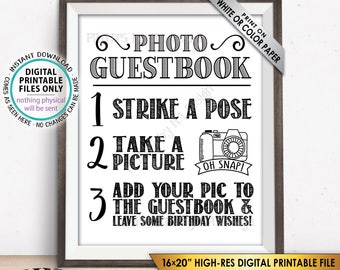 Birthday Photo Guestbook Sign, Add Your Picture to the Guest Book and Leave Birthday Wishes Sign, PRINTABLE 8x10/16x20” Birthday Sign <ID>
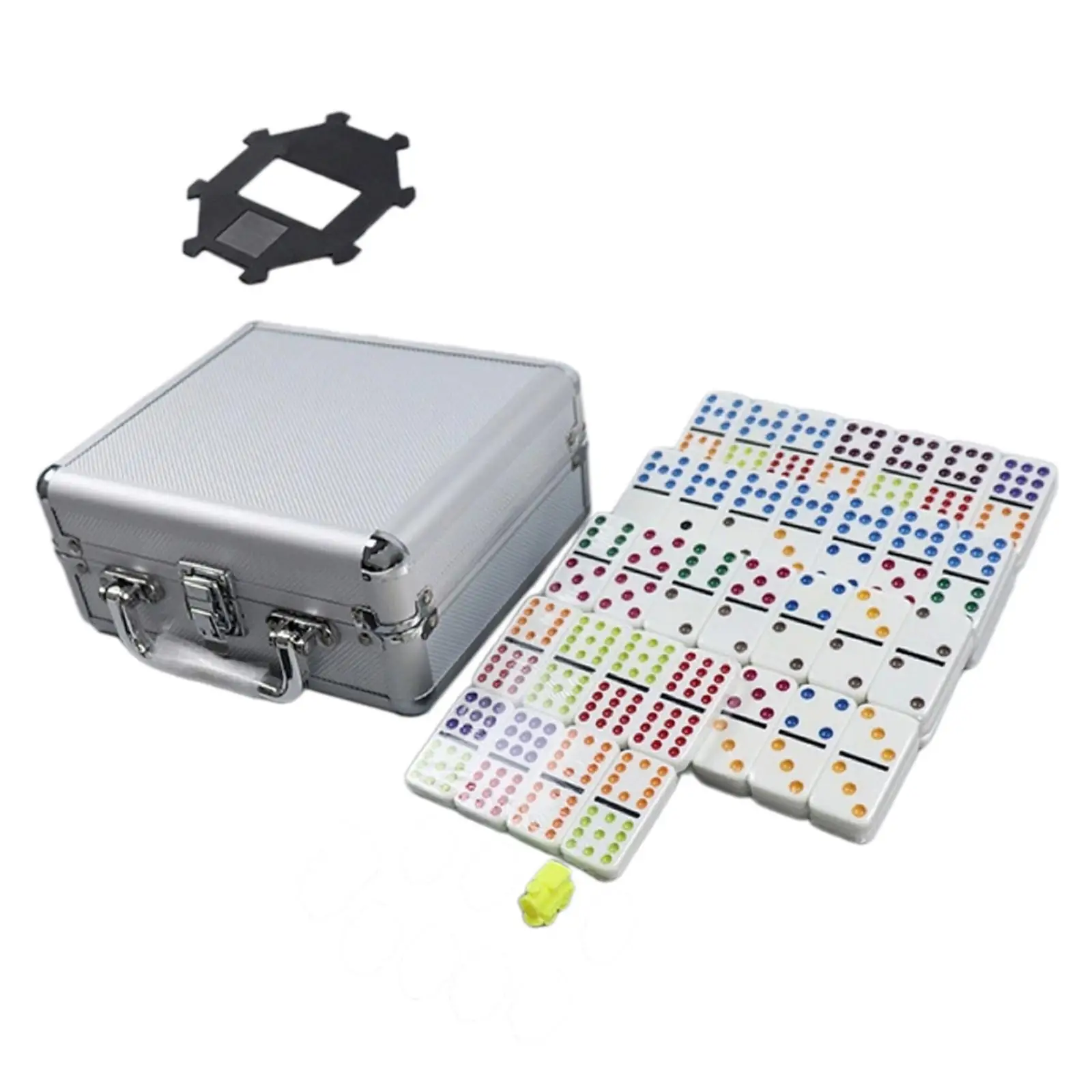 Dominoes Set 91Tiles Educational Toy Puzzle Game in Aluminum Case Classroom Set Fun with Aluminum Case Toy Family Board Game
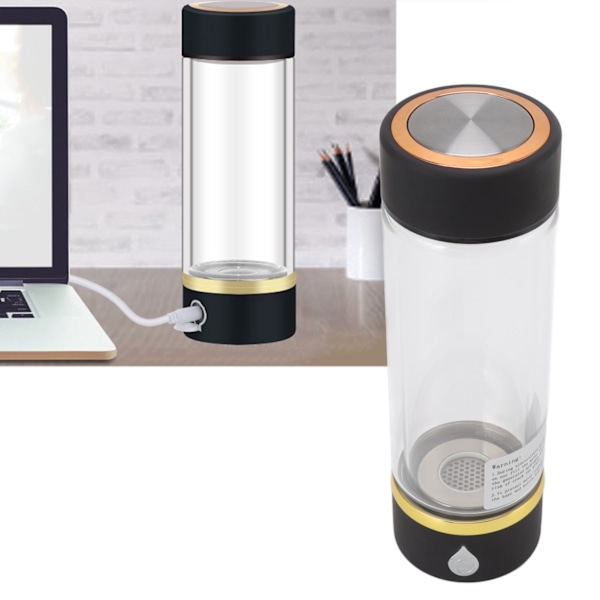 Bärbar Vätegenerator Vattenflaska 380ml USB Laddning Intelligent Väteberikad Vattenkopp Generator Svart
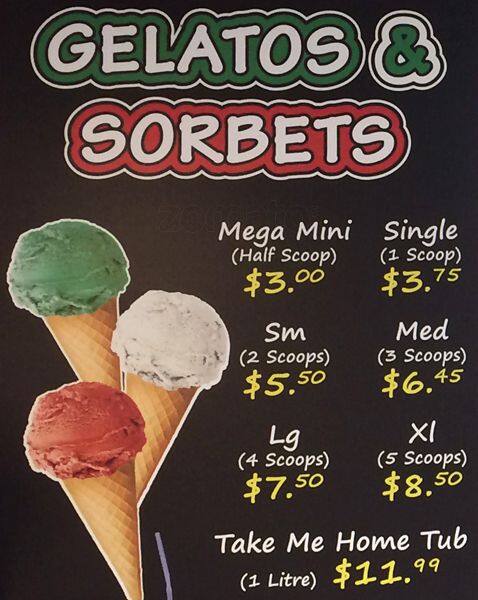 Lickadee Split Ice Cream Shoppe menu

- - -

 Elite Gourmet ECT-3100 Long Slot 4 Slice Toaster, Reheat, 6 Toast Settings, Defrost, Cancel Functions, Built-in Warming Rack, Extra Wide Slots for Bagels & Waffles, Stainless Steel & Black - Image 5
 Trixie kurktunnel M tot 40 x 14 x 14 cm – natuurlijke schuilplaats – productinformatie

- - -

> _PROBLEM_:
Copy word for word the span of the records above that begins at the line with "Bärbar Vätegenerator Vattenflaska" and ends at the line with "Lickadee Split Ice Cream Shoppe menu", including those two lines but not the pictures.

> _WRITTEN RESPONSE_:
 Bärbar Vätegenerator Vattenflaska 380ml USB Laddning Intelligent Väteberikad Vattenkopp Generator Svart
 Lickadee Split Ice Cream Shoppe menu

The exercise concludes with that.